HM Treasury’s concerns about the drag on the economy due to our increasingly sclerotic planning system have been evident for years. They first emerged with the apparently uncommissioned McKinsey report in the late 1990s which pointed the finger of blame for such buildings as hotels and faded office blocks at the resistance to development and redevelopment endemic in the planning system.

Architects will know that since then things have got worse. A planning application used to be a four-page TP1, a location plan, certificates and some drawings. Now APP1 runs to 12 pages and a mountain of studies and statements for the most modest of proposals. As for policies, just as we got close to national coverage with Unitary Development Plans (UDP) and Local Plans, whoops, the introduction of a new planning act (2004) meant starting all over again with Frameworks, Core Strategies and the rest. Planning Policy Guidance (PPG) turned to Planning Policy Statements (PPS) as national policy got ever-more deterministic, spatial planning got lost in a fog and the long-standing ‘presumption in favour of development’ (vintage 1923) became swamped by ‘plan-led’ decisions with increasingly invasive conditions.

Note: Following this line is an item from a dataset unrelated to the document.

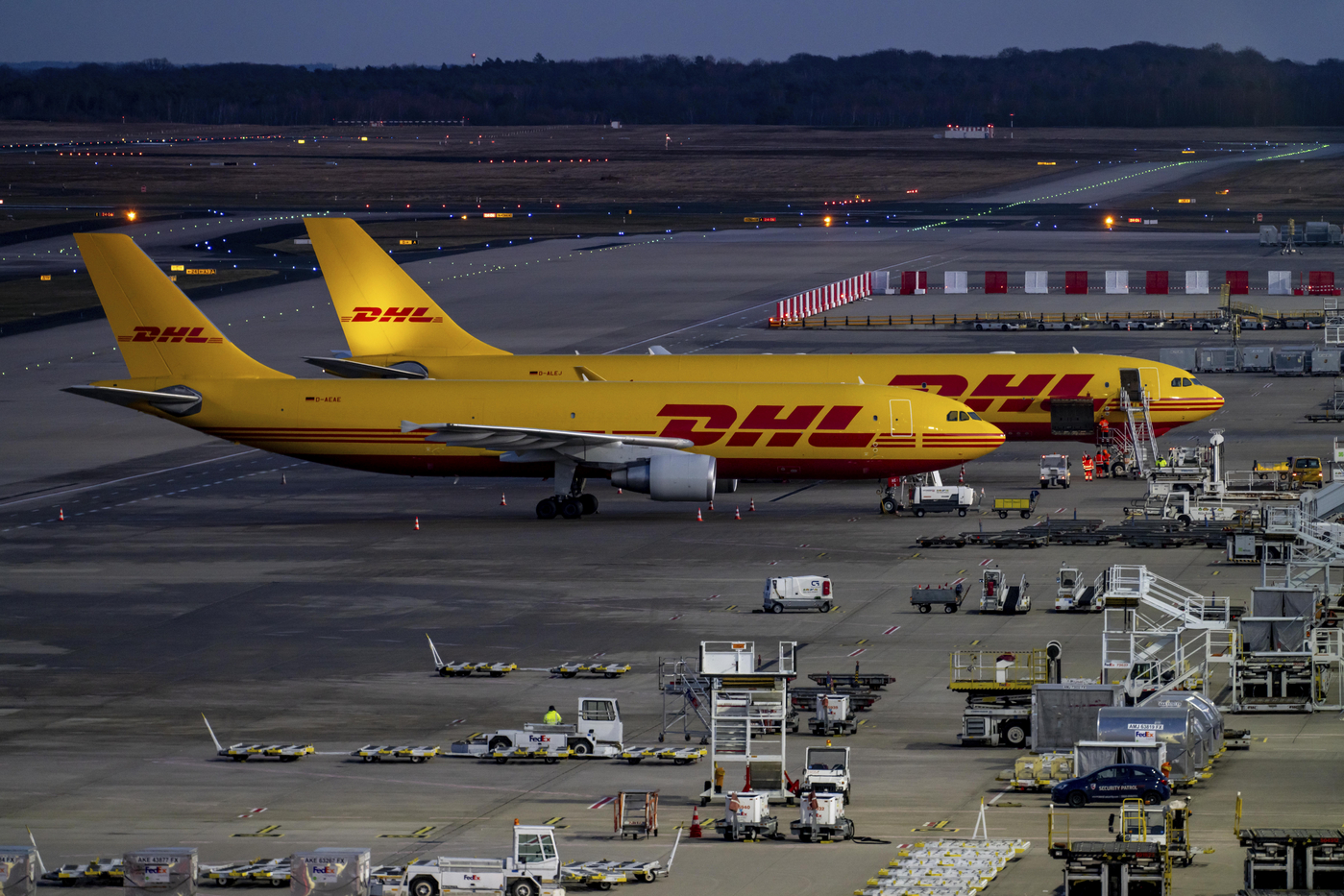 DHL suspendă livrările coletelor de mare valoare către Statele Unite din cauza tarifelor impuse de Donal Trump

The process needs tackling, not the policies. I predicted here that APP1’s introduction would lead to a ‘train crash’. The Killian-Pretty review was set up to count the bodies and tried to get the system back on track, but the defensive stance of local planning authorities that demand vast wodges of information to cover every possible angle goes on.

Relief may be in sight. If policies have to be clear and unambiguous and lower-tier plans have to be compliant, then proposals that meet requirements simply have to demonstrate the fact to avoid the need for making a planning application. Qualified agents, who might be architects, would assess and certify such compliance, leaving officers and authorities to focus on policy and the controversial applications they are left with. Add to this the current idea that they can charge whatever fee they like and 41aj 01.12.11 the door is open to competition on the lines of building control: then the process really could improve.

Planning got the biggest walloping, and highest profile, of its life in the chancellor’s budget speech this year. He highlighted the need for brevity in national policy, scrapping 1,000-plus pages of PPSs in favour of 50 pages of National Planning Policy Framework (NPPF). The basic idea, having also removed regional spatial policies, is that locals set policy so long as it is in general compliance with the next tier up. This works for London borough plans vis-à-vis the mayor’s London Plan, so it may just work nationally.

More specifically, the chancellor made a pitch for a simple relaxation of one bit of the Use Classes Order (UCO), namely to allow B1 business space to become C3 housing. This would release lots of value into the economy immediately and free owners and entrepreneurial developers to generate many new, often low cost, affordable homes.

Planners have resisted this idea – it removes some controls – and a howl has gone up from Middle England against the draft NPPF, on the wholly misguided basis that a presumption in favour of development (and growth?) is something new.

Being a draft and given the amount of noise, ministers have said they will make adjustments before issuing the NPPF by next April. They will give planning authorities time to get their plans up to speed (but correctly mutter they have had eight years already). Worryingly, rumours swirl that ‘ministers are wobbling’, not just under the onslaught from the Daily Telegraph and National Trust, but even on the simple change to the UCO.

All this uncertainty delays investment decisions of course and so holds back new work for architects and contractors. Once the NPPF is published, there may be a void in policy in some areas that creates a window of opportunity for the industry and a period of planning by appeal, but in the immediate future the UCO change may offer more immediate opportunities.

To offset some concerns, the UCO change could be limited to units of up to, say, 1,000m2, and apply both ways – ie freedom to change from residential to business use and vice versa. Constraints on home-working (the imposition of business rates and Capital Gains Tax on part of the home) should be relaxed. This will create more space for employment than may be lost to housing and the effects should be monitored for a period of, say, three years, which will get things moving.

If these last ideas are familiar, they should be. They have been in the ACA planning manifesto since 2006 and were included in the RIBA/ACA Task Force for Recovery proposals in 2009.

If ministers are even wobbling on this simple and obvious change, then what hope for a serious reform of the system?